Die 6:1-Regel motiviert, beim Schreiben am Ball zu bleiben

Die 6:1-egel motiviert, beim Schreiben am Ball zu bleiben

Ich schreibe täglich, aber nicht besonders lange jeden Tag. Wie für die meisten ist Schreiben für mich eine Nebentätigkeit. Somit kann ich maximal eine, wenn ich Glück habe zwei Stunden am Tag dafür erübrigen. Häufig sogar weniger.

Die Tatsache, kein hauptberuflicher Autor zu sein, zwingt mich dazu, täglich zu schreiben. So komme ich wenigstens auf im Schnitt sieben Stunden in der Woche. Damit bekomme ich rund 10.000 Wörter wöchentlich hin.

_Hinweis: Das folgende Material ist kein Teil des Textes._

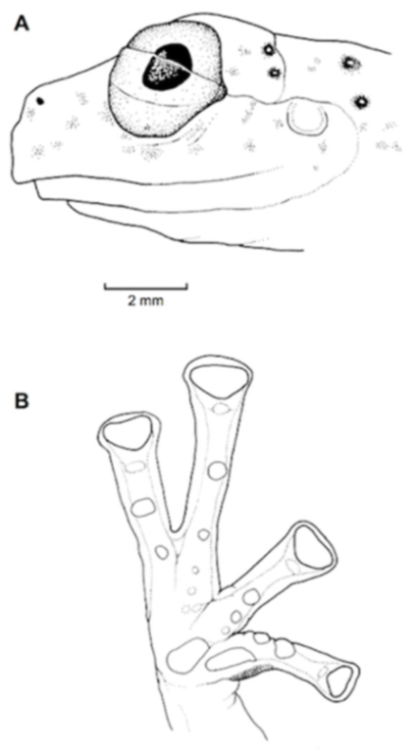 Diversity 12 00222 g129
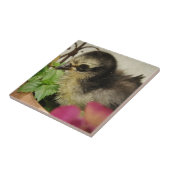 Frizzle Chick Tegeltje (Zijkant)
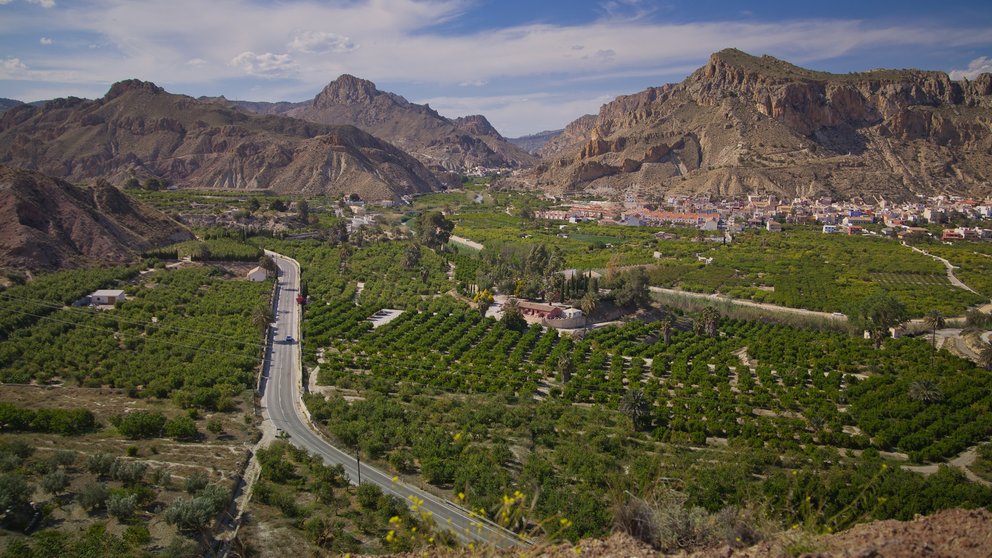 Las reservas estuvieron asociadas principalmente al segmento rural y de naturaleza. (Vista del Valle de Ricote. Imagen de Sergio González).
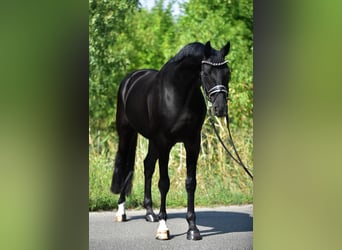 Hannoveraan, Ruin, 9 Jaar, 171 cm, Zwart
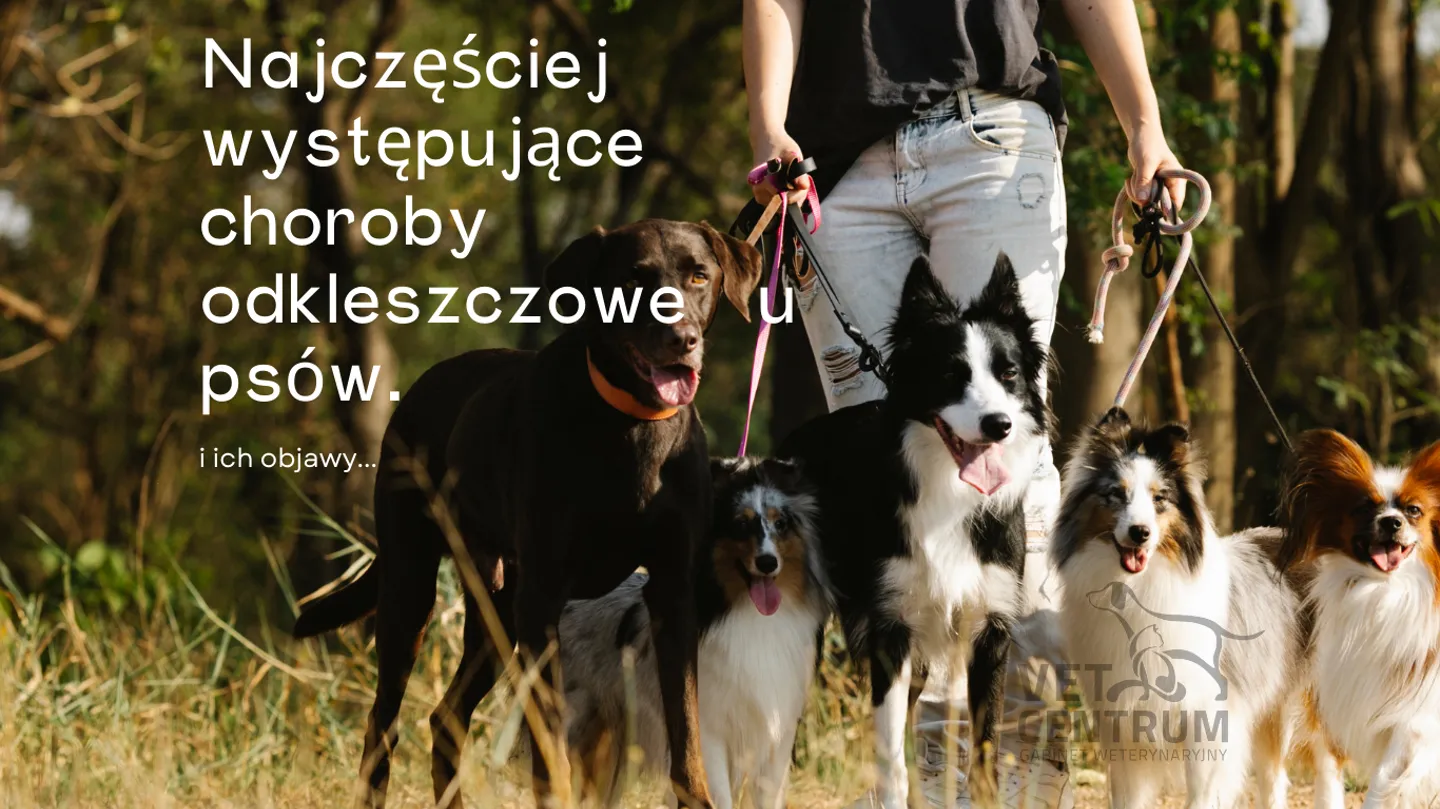 Ilustracja: Najczęściej występujące choroby odkleszczowe u psów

Das läppert sich. In zwei bis drei Monaten entsteht dabei ein Romanmanuskript.

Mein Schreibmanagement funktioniert jedoch nur, weil ich mich wirklich jeden Morgen gleich nach dem Aufstehen an meinen Laptop setze und meine rund 1.500 Wörter runterreiße (oder halt eben Manuskripte mit einem ähnlichen Tempo überarbeite).

Was für mich nicht funktioniert: Mich nur dann an den Laptop zu setzen, wenn mich die Muse küsst.

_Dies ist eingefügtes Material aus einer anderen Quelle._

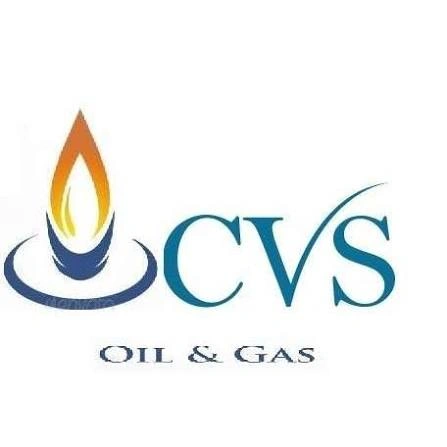 CVS Multi Services Private Limited logo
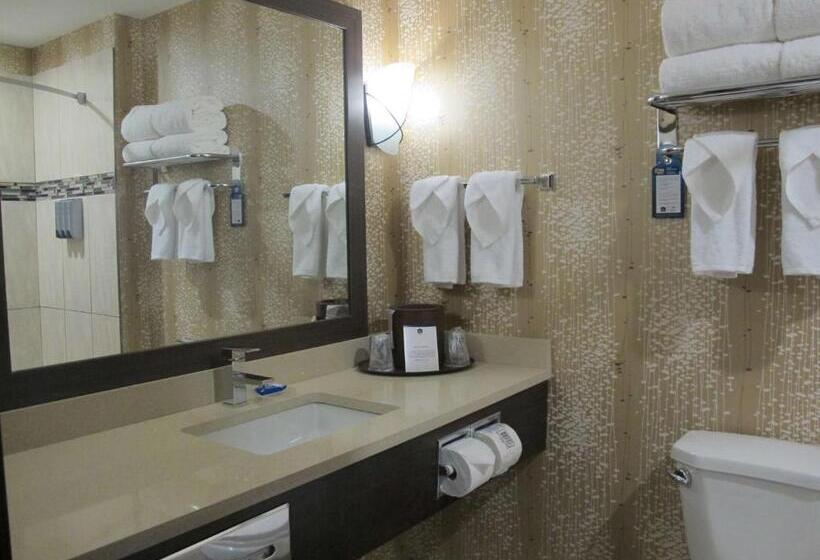 اتاق لوکس با تخت بزرگ, Best Western Plus Kindersley
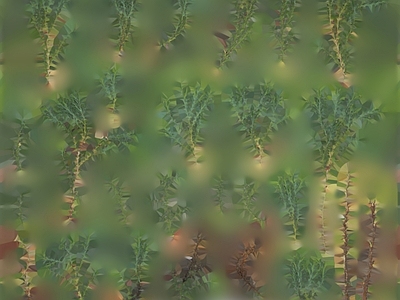 绿植墙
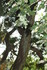 REVES DE BOIS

Ich schreibe einfach immer, auch wenn mir nicht danach ist, wenn ich eigentlich lieber weiterschlafen, durch das Netz surfen oder mit der dampfenden Kaffeetasse in der Hand den Sonnenaufgang genießen würde.

Es gibt Tage, an denen ich aus dem Bett hüpfe und es gar nicht erwarten kann, mich an den Laptop zu setzen. An denen ich vor Ideen und Tatendrang nur so übersprudele und die Worte nur so aus mir herausfließen.

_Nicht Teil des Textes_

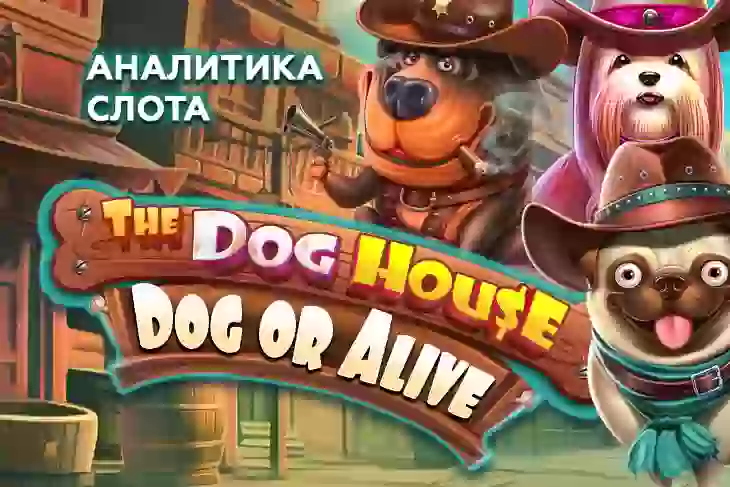 Аналитика слота The Dog House – Dog or Alive (Pragmatic Play)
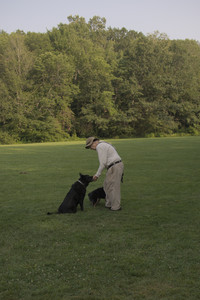 20250803_Dog Park__DSC0310_.jpg
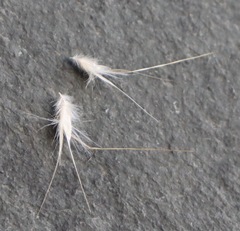 Rytidosperma bipartitum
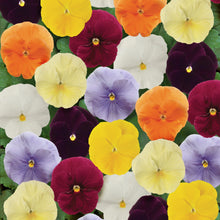 Load image into Gallery viewer, Pansy-Matrix Clear Mix
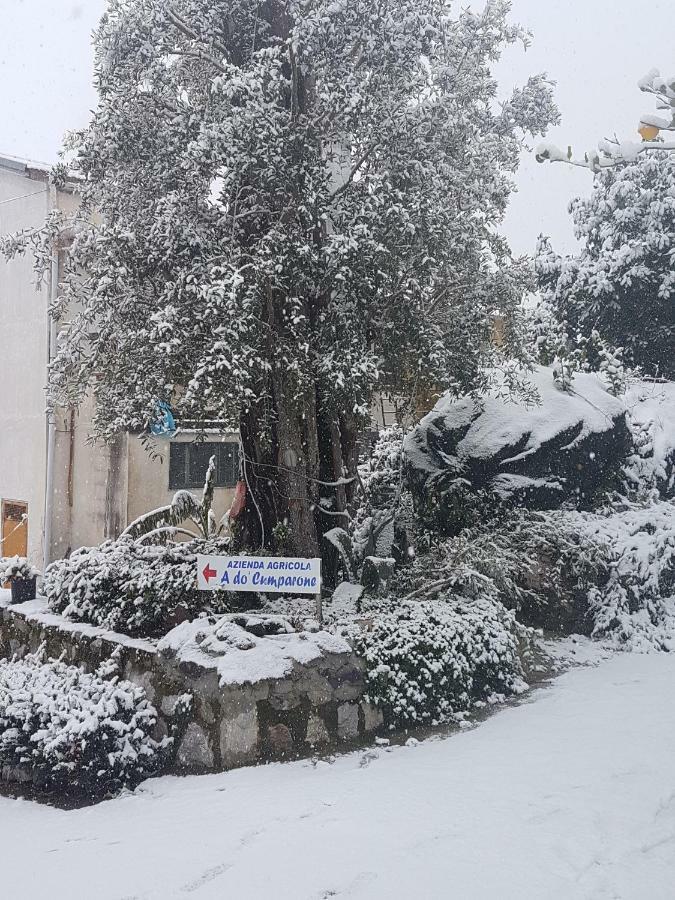 Agriturismo A Do' Cumparone Corbara  エクステリア 写真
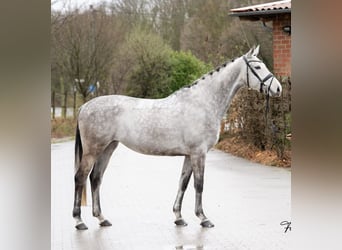 Trakehner, Jument, 8 Ans, Gris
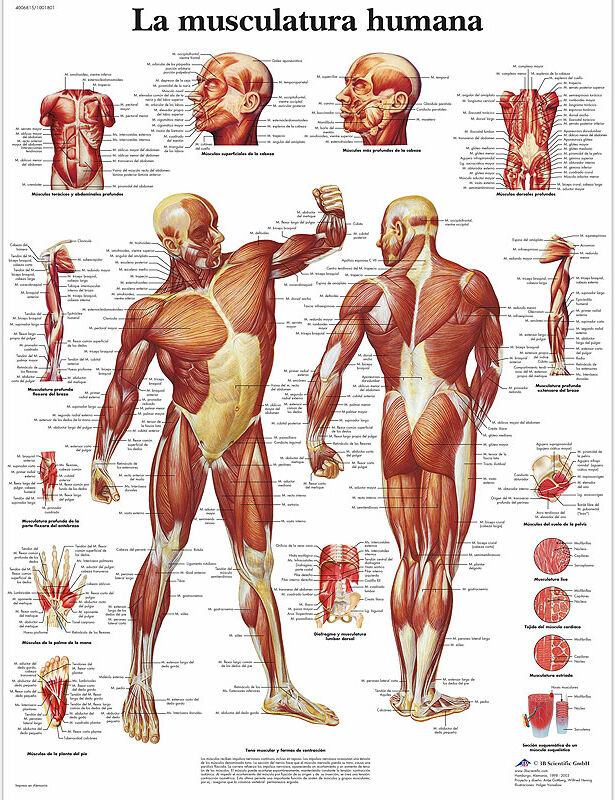 Lâmina de anatomia: Musculatura humana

Halleluja! Diese Tage sind großartig. Gäbe es sie nicht, würde ich wohl nicht mehr schreiben.

Aber sie sind in der Minderheit. Die meisten Tage sind eher anstrengend. Und ich verlasse die Tastatur mit dem Gefühl, bestenfalls Durchschnittliches geschrieben zu haben, das noch vieler Überarbeitungsschritte bedarf, bis es lesenswert ist.

Es sind halt Pi mal Daumen sechs von sieben Tagen in der Woche, in denen Schreiben nicht unbedingt ein Vergnügen ist. 6:1.

Warum schreibe ich an den sechs Tagen, obwohl mir nicht danach ist? Warum lasse ich es nicht bei dem einen guten Tag?

Weil ich ersten im Voraus nie so genau weiß, wann denn diese Sternstunde meines Autorenalltags wirklich eintritt. Nur weil ich mich gut fühle, heißt das nicht, dass ich auch gut schreibe und umgekehrt.

Es gibt Tage, an denen ich mich an den Laptop quäle und dann doch einen entscheidenden Durchbruch schaffe. Und es gibt Tage, an denen ich vor Energie nur so strotze und trotzdem nichts Gescheites produziere. Weiß der Geier, warum das so ist.

Zweitens habe ich festgestellt, dass ich die sechs miesen Tage für den einen guten Tag brauche wie Sportlerinnen ihrTraining für den Wettkampf.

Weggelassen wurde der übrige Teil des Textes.